I guess I should have said "every single piece of text in your project is encoded in a superset of ascii (such as utf-8) or is decoded into a unicode object at the application boundaries, such as an incoming http request or in the process of parsing a file off disk", in which case:
What is "every single piece of text"? Every string occurring in source code?
Yes.
or also every single string that may be read from a file,
Yes.
a socket,
Yes.
out of a database,
Yes.
or from a user interface?
Yes. Any others I can say Yes to? ;-)
How can you be certain that any string is UTF-8 when doing any reasonable IO?
Careful checking, and a knowledge for people working on the app's development that anything else will result in severe pain, both physical and mental ;-)
Even if you were evil/stupid and mixed encodings, surely all you'd get is different unicode errors or mayvbe the odd strange character during display?
One specific problem is dictionaries will stop working correctly if you set the default encoding to anything but ASCII.
...except they haven't.
The reason is that with UTF-8 as the default encoding, you get
py> u"\u20ac" == u"\u20ac".encode("utf-8") True py> hash(u"\u20ac") == hash(u"\u20ac".encode("utf-8")) False
So objects that compare equal will not hash equal. As a consequence, you may have two different values for what should be the same key in a dictionary.

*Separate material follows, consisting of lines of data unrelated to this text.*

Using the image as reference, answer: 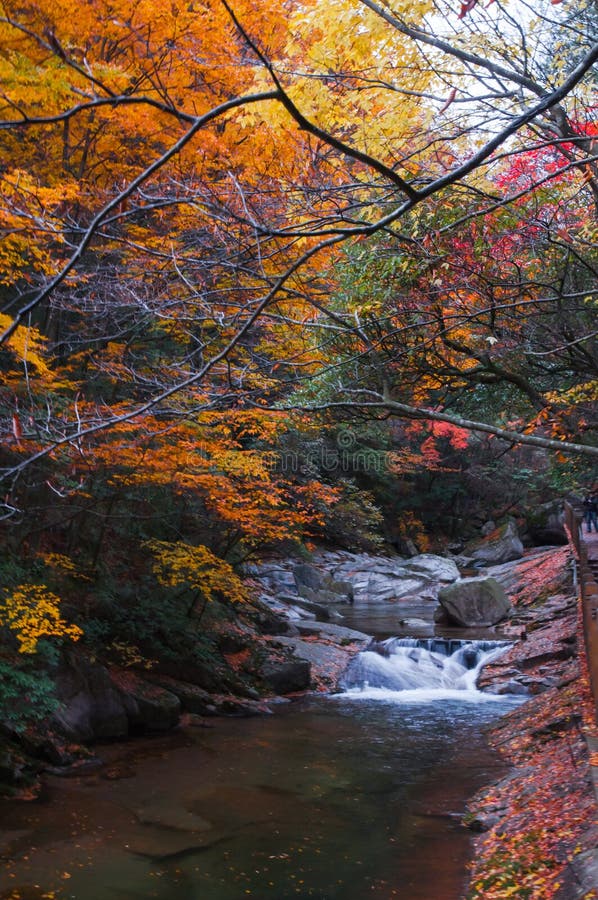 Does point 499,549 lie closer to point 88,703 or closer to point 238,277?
point 88,703

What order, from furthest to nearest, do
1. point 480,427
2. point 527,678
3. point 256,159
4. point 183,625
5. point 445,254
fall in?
point 527,678 < point 183,625 < point 256,159 < point 445,254 < point 480,427

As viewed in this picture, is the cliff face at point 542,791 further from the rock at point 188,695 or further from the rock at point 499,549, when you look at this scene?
the rock at point 499,549

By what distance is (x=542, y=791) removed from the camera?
7.62 m

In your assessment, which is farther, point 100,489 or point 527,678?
point 527,678

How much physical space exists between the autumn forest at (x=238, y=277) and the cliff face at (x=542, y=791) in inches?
127

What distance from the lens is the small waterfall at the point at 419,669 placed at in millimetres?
14195

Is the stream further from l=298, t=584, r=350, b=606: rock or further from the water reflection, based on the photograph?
l=298, t=584, r=350, b=606: rock

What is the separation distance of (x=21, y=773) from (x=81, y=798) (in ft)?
2.54

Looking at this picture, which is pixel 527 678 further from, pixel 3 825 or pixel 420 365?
pixel 3 825

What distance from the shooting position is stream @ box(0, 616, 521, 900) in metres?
6.40

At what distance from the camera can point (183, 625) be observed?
12.8 m

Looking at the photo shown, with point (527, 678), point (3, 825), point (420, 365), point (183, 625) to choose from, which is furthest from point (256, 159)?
point (527, 678)

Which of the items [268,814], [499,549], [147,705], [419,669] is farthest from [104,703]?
[499,549]

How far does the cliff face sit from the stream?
13.3 inches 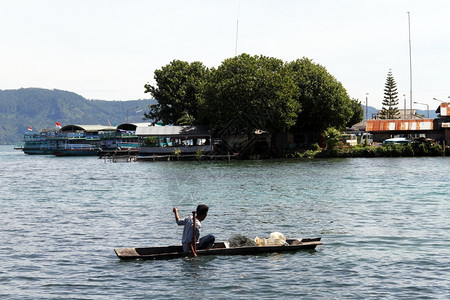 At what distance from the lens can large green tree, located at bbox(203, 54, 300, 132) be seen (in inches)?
3287

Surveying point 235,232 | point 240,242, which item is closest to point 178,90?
point 235,232

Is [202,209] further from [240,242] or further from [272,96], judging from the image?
[272,96]

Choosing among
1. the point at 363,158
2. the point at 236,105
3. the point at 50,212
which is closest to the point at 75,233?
the point at 50,212

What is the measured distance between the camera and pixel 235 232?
25.3 meters

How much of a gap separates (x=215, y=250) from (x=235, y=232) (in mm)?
5516

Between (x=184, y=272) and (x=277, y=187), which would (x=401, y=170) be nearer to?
(x=277, y=187)

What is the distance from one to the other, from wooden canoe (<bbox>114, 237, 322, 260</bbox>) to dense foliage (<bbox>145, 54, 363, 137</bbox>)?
6289 centimetres

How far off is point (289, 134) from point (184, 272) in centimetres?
8227

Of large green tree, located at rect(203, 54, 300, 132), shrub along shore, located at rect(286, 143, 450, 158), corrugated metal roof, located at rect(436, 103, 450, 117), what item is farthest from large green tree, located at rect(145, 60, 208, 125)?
corrugated metal roof, located at rect(436, 103, 450, 117)

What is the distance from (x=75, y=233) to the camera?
25781mm

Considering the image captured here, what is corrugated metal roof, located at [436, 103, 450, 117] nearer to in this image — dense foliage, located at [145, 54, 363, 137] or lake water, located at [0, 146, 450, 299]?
dense foliage, located at [145, 54, 363, 137]

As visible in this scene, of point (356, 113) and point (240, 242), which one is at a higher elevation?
point (356, 113)

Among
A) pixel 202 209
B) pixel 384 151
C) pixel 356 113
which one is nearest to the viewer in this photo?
pixel 202 209

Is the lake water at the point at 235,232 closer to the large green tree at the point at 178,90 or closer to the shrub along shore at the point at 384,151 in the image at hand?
the shrub along shore at the point at 384,151
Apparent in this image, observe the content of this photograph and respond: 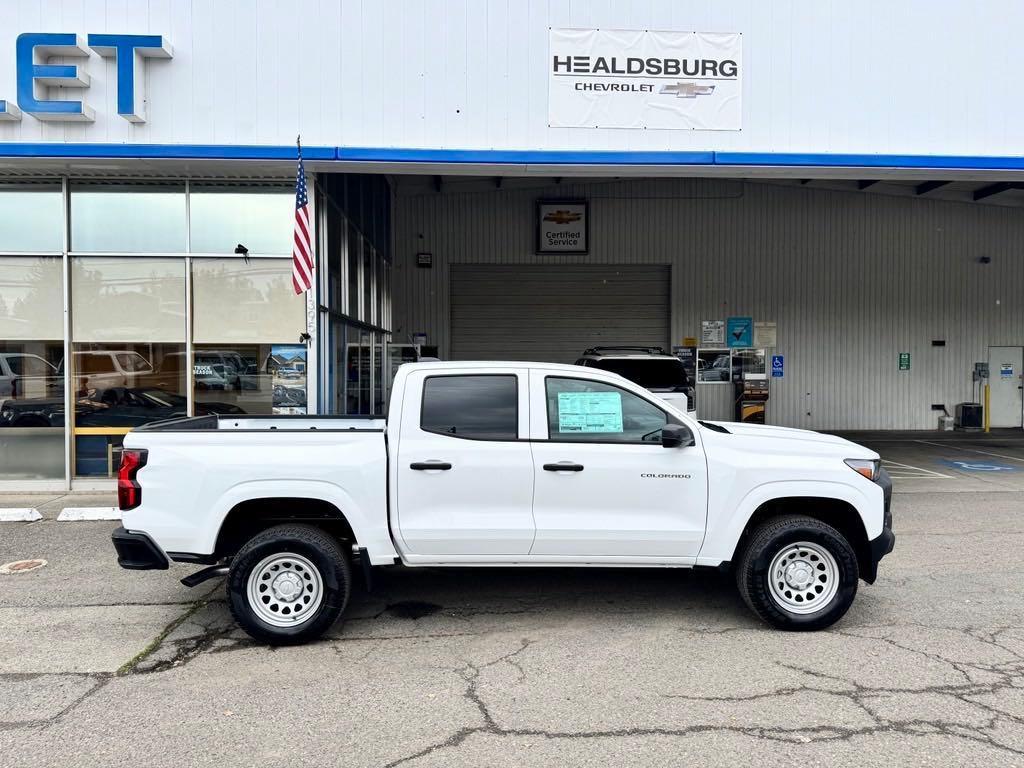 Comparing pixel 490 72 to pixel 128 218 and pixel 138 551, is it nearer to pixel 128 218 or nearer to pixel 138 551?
pixel 128 218

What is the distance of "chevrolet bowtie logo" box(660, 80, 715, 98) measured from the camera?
9.80m

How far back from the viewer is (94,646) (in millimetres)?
4977

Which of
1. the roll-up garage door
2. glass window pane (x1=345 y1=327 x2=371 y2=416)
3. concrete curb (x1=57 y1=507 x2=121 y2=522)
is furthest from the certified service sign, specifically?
the roll-up garage door

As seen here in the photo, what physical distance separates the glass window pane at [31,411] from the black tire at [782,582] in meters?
9.54

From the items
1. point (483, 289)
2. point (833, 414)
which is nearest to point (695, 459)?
point (483, 289)

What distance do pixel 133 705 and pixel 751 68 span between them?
32.4ft

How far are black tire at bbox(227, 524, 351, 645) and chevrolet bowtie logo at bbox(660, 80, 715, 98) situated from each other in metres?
7.70

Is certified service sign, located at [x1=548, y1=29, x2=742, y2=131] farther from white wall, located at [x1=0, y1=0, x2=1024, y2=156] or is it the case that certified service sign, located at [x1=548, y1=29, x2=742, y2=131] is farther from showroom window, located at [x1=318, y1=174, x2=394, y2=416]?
showroom window, located at [x1=318, y1=174, x2=394, y2=416]

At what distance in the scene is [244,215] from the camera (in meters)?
10.2

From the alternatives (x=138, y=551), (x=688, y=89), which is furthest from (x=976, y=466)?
(x=138, y=551)

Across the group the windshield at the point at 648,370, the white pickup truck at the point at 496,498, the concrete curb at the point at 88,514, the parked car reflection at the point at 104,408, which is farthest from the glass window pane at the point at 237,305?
the white pickup truck at the point at 496,498

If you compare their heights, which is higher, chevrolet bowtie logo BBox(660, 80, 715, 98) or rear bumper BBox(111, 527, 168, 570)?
chevrolet bowtie logo BBox(660, 80, 715, 98)

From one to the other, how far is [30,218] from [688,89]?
363 inches

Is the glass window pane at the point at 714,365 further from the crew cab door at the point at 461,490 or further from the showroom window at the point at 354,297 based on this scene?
the crew cab door at the point at 461,490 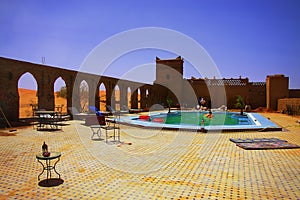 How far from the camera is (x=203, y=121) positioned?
934cm

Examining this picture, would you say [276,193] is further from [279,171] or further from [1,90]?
[1,90]

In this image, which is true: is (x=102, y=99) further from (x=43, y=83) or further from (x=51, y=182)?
(x=51, y=182)

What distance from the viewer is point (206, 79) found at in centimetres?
2319

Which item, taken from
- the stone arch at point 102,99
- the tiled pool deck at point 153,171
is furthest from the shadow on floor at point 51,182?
the stone arch at point 102,99

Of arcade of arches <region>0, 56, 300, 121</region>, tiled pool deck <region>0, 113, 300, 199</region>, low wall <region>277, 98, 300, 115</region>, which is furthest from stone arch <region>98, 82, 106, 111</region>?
low wall <region>277, 98, 300, 115</region>

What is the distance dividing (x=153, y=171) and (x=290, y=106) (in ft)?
49.0

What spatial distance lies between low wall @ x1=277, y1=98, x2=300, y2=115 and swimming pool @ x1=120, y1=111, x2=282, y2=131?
200 centimetres

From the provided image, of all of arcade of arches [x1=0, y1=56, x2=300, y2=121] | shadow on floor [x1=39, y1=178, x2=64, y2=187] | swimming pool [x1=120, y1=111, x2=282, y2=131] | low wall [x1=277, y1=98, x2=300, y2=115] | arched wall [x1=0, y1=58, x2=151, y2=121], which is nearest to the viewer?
shadow on floor [x1=39, y1=178, x2=64, y2=187]

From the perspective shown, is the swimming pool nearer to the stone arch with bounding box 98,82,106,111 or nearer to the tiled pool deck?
the tiled pool deck

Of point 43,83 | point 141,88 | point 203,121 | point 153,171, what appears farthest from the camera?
point 141,88

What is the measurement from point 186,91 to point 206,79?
251cm

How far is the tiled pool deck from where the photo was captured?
3.26 meters

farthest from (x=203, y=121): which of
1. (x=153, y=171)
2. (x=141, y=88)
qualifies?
(x=141, y=88)

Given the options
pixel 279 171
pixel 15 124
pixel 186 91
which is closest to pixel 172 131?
pixel 279 171
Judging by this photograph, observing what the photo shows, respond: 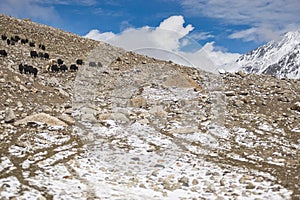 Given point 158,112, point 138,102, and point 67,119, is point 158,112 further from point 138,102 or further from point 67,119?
point 67,119

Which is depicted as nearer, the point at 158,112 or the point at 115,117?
the point at 115,117

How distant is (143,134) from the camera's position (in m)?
19.2

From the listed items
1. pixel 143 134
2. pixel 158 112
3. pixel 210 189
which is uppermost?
pixel 158 112

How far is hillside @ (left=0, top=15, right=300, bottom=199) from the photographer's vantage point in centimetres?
1286

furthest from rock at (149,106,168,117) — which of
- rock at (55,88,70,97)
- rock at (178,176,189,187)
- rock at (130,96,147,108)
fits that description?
rock at (178,176,189,187)

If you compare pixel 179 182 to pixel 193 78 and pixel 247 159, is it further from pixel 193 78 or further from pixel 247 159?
pixel 193 78

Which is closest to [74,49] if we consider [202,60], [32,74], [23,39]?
[23,39]

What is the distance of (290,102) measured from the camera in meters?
26.6

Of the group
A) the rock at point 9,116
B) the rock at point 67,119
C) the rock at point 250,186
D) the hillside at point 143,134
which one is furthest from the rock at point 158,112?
the rock at point 250,186

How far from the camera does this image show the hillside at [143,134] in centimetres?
1286

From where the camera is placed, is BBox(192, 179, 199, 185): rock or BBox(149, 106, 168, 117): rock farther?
BBox(149, 106, 168, 117): rock

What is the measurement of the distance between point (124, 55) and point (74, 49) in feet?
20.2

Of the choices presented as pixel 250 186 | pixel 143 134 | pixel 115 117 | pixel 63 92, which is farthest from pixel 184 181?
pixel 63 92

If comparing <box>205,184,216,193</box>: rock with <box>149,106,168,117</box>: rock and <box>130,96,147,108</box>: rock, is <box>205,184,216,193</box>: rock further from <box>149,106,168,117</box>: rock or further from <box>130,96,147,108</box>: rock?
<box>130,96,147,108</box>: rock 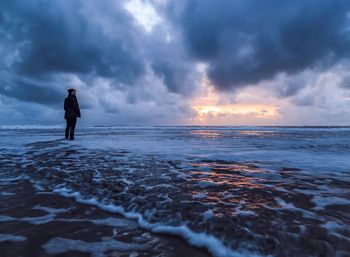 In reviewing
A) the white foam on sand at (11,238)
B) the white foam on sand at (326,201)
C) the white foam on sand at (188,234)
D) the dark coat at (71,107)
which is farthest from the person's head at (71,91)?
the white foam on sand at (326,201)

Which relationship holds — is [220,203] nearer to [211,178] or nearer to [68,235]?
[211,178]

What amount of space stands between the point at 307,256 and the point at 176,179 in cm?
246

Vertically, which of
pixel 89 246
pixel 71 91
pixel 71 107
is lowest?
pixel 89 246

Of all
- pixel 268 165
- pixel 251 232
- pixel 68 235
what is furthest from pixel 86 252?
pixel 268 165

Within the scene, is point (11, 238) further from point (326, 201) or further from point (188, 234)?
point (326, 201)

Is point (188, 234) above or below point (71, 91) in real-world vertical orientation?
below

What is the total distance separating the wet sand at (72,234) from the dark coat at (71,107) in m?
9.82

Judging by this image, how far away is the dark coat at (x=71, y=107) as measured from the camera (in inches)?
479

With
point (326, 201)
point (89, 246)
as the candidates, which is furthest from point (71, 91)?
point (326, 201)

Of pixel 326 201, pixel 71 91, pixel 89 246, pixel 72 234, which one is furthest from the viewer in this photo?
pixel 71 91

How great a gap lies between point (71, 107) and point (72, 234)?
36.4ft

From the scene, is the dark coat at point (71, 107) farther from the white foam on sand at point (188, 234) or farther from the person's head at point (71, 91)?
the white foam on sand at point (188, 234)

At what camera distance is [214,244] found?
6.56 feet

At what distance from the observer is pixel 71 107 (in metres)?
12.2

Indeed, but this doesn't happen because the app never has a situation where strings and unicodes are put in the same dict. However, it does have plenty of situations where lists containing a mixture of utf-8 encoded strings and unicodes exist, where changing the default encoding removes a *lot* of pain.
It has worked in your application. See my example above: it is very easy to create applications that stop working correctly if you use setdefaultencoding (at all - the only supported value is "latin-1", since Unicode strings hash the same as byte strings if all characters are in row 0).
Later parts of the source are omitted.